Mon, 29th Apr 2024 14:19

ABU DHABI, April 29 (Reuters) - Abu Dhabi offered a first look inside the financials of its youngest sovereign wealth fund ADQ on Monday as it hired banks for a dual-tranche dollar denominated inaugural bond.

Formally known as Abu Dhabi Developmental Holding Co, ADQ is pursuing a debt sale to help diversify its funding sources for future acquisitions, a person familiar with the matter told Reuters.

ADQ is the smallest of Abu Dhabi's three main sovereign wealth funds behind Abu Dhabi Investment Authority and Mubadala Investment Co. It was established in 2018 and is chaired by Sheikh Tahnoon bin Zayed al-Nahyan, who is the United Arab Emirates' national security adviser and the brother of its president.

Likened to Singapore's sovereign wealth fund Temasek, ADQ started out as a holding company for government assets including Abu Dhabi's ports, stock exchange and a nuclear power company.

It consolidated and privatised some of those assets, using local equity listings to build domestic champions, and then began its push into companies outside the UAE, often choosing markets battered by high inflation or currency devaluations.

The group, which includes ADQ's subsidiaries and shareholdings, reported consolidated revenue of 111.7 billion dirhams for 2023, up from 99.6 billion dirhams the previous year, according to a financial statement on its website.

The group's consolidated profit attributable to owners of the company rose to 16.1 billion dirhams in 2023, up from 11.43 billion dirhams in 2022.

ADQ is fully owned by the Abu Dhabi government which last week returned to global debt markets for the first time in three years with a $5 billion bond sale amid strong investor appetite for high grade regional credits.

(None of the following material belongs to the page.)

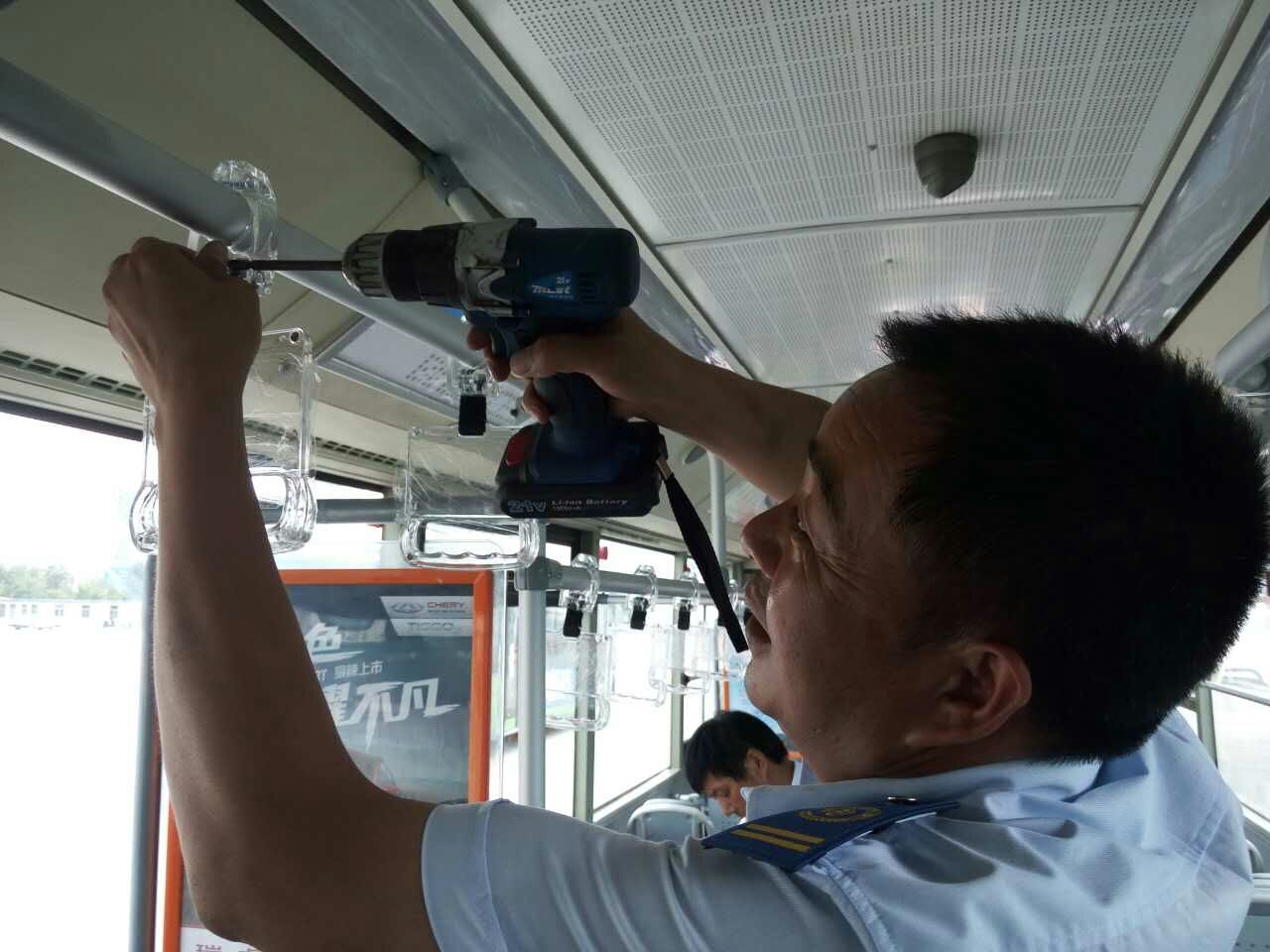 公交快速公司完成18米車拉手更換工作 車隊加班加點助推創文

The emirate has leaned on its sovereign investment funds, especially ADQ, to accelerate efforts to diversify non-oil sectors such as tourism and transportation, logistics, and manufacturing, as part of its economic transition strategy.

Citigroup, Credit Agricole, First Abu Dhabi Bank, Goldman Sachs International, HSBC and Standard Chartered are joint global coordinators and active bookrunners on the deal, which is expected to be sold in 5- and 10-year tenures, IFR reported on Monday.

The mandated banks will hold a global investor call and fixed income meetings ahead of any deal which is reported to be benchmark in size, typically understood to be at least $500 million.

ADQ has been a vehicle for the UAE's investments in Egypt, and in February signed a deal with the government to develop a prime stretch of its Mediterranean coast, slated to bring $35 billion of investment to the indebted country.